Bitterly jealous of his rival investment banker Paul Owen, Patrick Bateman’s perfect and perfectly tailored life starts to come apart when he is overlooked for a plum account. At 27, Bateman starts to question his purpose, and in spite of his independently wealthy girlfriend, success and debauched, designer lifestyle, vicious thoughts begin to erupt, and a new kind of monstrosity emerges from within.
Easton Ellis’ original novel arrived a time when modern male writers were starting to question the pull between the sensitive modern man and an innate quest for violence that was explored in The Football Factory and Fight Club as well as American Psycho, all books that became successful films about this deepening dislocation between perceived and inherited notions of manliness and its suppression beneath layers of social adherence. Patrick Bateman became something of a poster boy for a generation obsessed with image and male power that has evolved into some of the darker attempts to reclaim masculinity that fill social media today, never realising that Bateman – certainly in Sheik and Aguirre-Sacasa’s musical – is deliberately empty and lost, daring the audience to judge him while being an uncomfortable reflection of themselves.
Goold’s revival is often thrilling; big, energetic set pieces fizz in the small Almeida space, hugely impressive choreography by Lynne Page gets bolder as we move through the score, and there is shrewd use of video and lighting by Finn Ross and Jon Clark respectively, on Es Devlin’s minimal but sharp staging. Bateman’s world is immersive and sexy, the audience feels the snappy wildness of his existence as he roams from office to clubs, expensive apartments, the gym and seedy downtown spaces drinking, sleeping around and taking drugs in an endless spiral that bleeds effortlessly into the orgiastic butchery that requires a bigger and bigger hit. And we’ve seen these generic boys in their generic designer suits living generic hedonism time and again in popular culture, but Goold’s approach to American Psycho also has something deeper, a sadness and pain that eventually consume Bateman, a drastic reckoning of self that crumbles all the nonsense posturing and leaves him exposed.
At the centre of this is a magnetic, star-making performance from Froushan, who appeared in a small role in The Line of Beauty at this venue last autumn, filled with a dark charisma, and from the moment he steps onto the stage the audience is in thrall and barely takes their eyes off him for the next 3 hours, even in the ensemble numbers. There is an easy charm and unpredictability in his characterisation, an intensity in performance reminiscent of Michael Fassbender, but Froushan recognises the subtle but skewering satire he is playing, a man who sees himself as everything and no one, representing a generation and an empty vessel unable to reconcile all the kinds of man he is expected to be.

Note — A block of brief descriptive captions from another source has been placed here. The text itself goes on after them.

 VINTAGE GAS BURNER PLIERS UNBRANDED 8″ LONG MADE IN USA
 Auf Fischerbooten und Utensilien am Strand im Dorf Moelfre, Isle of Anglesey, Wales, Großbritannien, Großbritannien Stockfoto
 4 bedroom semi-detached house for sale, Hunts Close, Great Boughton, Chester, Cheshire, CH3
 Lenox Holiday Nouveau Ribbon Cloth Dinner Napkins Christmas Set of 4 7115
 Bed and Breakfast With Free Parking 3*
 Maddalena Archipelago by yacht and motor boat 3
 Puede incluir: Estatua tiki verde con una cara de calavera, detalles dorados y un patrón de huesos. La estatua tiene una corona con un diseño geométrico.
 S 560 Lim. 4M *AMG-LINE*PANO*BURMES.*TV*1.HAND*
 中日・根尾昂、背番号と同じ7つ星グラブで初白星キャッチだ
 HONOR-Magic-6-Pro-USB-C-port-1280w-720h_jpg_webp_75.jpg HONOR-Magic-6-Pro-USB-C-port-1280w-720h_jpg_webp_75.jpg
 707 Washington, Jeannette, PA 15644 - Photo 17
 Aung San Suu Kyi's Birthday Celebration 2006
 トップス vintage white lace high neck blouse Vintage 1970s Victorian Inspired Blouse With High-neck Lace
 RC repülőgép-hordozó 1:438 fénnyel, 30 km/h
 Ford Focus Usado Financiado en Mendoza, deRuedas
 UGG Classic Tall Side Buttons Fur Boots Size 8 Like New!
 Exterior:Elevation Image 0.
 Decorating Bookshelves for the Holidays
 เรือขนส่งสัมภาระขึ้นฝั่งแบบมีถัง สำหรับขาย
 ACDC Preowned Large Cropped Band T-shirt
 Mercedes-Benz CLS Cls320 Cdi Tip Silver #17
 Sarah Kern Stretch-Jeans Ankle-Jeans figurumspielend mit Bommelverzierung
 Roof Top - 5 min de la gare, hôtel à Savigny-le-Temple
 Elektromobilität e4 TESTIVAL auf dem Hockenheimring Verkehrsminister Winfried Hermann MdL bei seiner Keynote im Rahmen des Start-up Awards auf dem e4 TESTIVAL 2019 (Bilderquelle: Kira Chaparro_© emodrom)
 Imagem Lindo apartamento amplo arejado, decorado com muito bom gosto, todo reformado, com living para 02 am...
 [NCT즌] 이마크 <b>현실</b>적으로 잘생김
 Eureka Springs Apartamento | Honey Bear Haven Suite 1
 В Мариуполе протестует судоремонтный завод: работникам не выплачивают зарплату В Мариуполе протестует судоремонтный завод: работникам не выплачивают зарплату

There are faults in American Psycho, the rest of the cast are little more than caricatures, leaving talented young stars like Oli Higginson (Timoth), Emily Barber (Evelyn) and Tanisha Spring (Courtney) with little to work with, although both the ensemble and Anastasia Martin as sweet secretary Jean are superb. The book in Act One labours a little and cuts for repetition could bring down the running time, but American Psycho has been much revered in the years since 2013, and in 2026 still has something to say about the challenges of modern masculinity that remain unresolved.